Personal information
- Nickname: Zzan Ji
- Born: February 9, 1983 (age 43) Gangneung, South Korea

Sport
- Sport: Skiing
- Club: Mu-Ju Resort

World Cup career
- Seasons: 1999–
- Indiv. podiums: 0
- Indiv. wins: 0

Medal record
Men's ski jumping
Representing South Korea
Asian Games
| Gold medal – first place | 2003 Aomori | Normal hill team |
| Bronze medal – third place | 2011 Astana–Almaty | Large hill team |

= Kim Hyun-ki =

South Korean ski jumper

Kim Hyun-ki (born February 9, 1983) is a South Korean ski jumper who has competed from 1998 to 2018.

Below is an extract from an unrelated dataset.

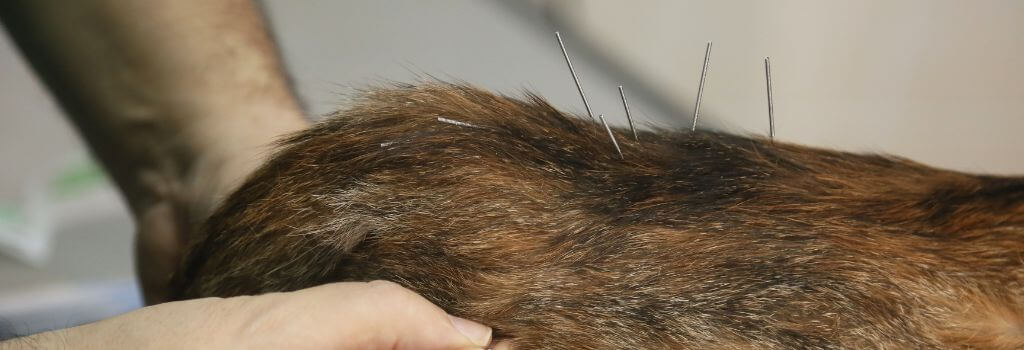 Tabby cat spinal acupuncture by veterinarian.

Competing in four Winter Olympics, he earned his best finish of eighth in the team large hill event at Salt Lake City in 2002 while his best individual finish was 31st in the individual large hill event at those same games.

Kim's best finish at the FIS Nordic World Ski Championships was tenth in the team normal hill event at Oberstdorf in 2005 while his best individual finish was 38th in the individual normal hill at those same games. He finished 30th in the individual event of the FIS Ski-Flying World Championships 2006 in Kulm.

Kim's best individual World Cup finish was 21st in a large hill event in Japan in 2006. He has two individual victories in lesser events from 2009.

He holds a negative record for the highest number of fallouts in qualifications in World Cup with 118 fallouts.